Extracted information: Begin
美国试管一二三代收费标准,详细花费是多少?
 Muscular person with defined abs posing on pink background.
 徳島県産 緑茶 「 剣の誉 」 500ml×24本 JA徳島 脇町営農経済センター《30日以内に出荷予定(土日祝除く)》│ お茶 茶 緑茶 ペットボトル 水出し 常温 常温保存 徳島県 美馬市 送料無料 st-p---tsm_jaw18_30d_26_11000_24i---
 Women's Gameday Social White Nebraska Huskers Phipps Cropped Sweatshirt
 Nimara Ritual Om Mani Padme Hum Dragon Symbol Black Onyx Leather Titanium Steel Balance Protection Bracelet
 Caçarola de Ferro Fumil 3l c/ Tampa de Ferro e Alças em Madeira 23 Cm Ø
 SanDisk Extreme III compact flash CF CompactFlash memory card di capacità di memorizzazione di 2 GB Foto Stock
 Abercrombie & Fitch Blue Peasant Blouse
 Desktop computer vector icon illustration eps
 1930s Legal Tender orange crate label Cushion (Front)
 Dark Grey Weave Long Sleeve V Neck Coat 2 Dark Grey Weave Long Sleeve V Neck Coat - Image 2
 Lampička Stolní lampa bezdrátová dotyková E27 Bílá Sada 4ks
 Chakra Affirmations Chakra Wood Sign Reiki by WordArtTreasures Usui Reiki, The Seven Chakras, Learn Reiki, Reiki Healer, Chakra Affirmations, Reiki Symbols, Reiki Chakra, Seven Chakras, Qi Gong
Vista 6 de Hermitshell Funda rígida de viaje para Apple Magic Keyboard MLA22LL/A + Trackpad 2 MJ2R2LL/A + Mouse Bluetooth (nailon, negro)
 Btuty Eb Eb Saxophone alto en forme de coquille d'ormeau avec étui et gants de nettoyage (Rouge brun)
Extracted information: End
**Task statement**
All records shown above are to be repeated exactly.

**Solution below**
美国试管一二三代收费标准,详细花费是多少?
 Muscular person with defined abs posing on pink background.
 徳島県産 緑茶 「 剣の誉 」 500ml×24本 JA徳島 脇町営農経済センター《30日以内に出荷予定(土日祝除く)》│ お茶 茶 緑茶 ペットボトル 水出し 常温 常温保存 徳島県 美馬市 送料無料 st-p---tsm_jaw18_30d_26_11000_24i---
 Women's Gameday Social White Nebraska Huskers Phipps Cropped Sweatshirt
 Nimara Ritual Om Mani Padme Hum Dragon Symbol Black Onyx Leather Titanium Steel Balance Protection Bracelet
 Caçarola de Ferro Fumil 3l c/ Tampa de Ferro e Alças em Madeira 23 Cm Ø
 SanDisk Extreme III compact flash CF CompactFlash memory card di capacità di memorizzazione di 2 GB Foto Stock
 Abercrombie & Fitch Blue Peasant Blouse
 Desktop computer vector icon illustration eps
 1930s Legal Tender orange crate label Cushion (Front)
 Dark Grey Weave Long Sleeve V Neck Coat 2 Dark Grey Weave Long Sleeve V Neck Coat - Image 2
 Lampička Stolní lampa bezdrátová dotyková E27 Bílá Sada 4ks
 Chakra Affirmations Chakra Wood Sign Reiki by WordArtTreasures Usui Reiki, The Seven Chakras, Learn Reiki, Reiki Healer, Chakra Affirmations, Reiki Symbols, Reiki Chakra, Seven Chakras, Qi Gong
Vista 6 de Hermitshell Funda rígida de viaje para Apple Magic Keyboard MLA22LL/A + Trackpad 2 MJ2R2LL/A + Mouse Bluetooth (nailon, negro)
 Btuty Eb Eb Saxophone alto en forme de coquille d'ormeau avec étui et gants de nettoyage (Rouge brun)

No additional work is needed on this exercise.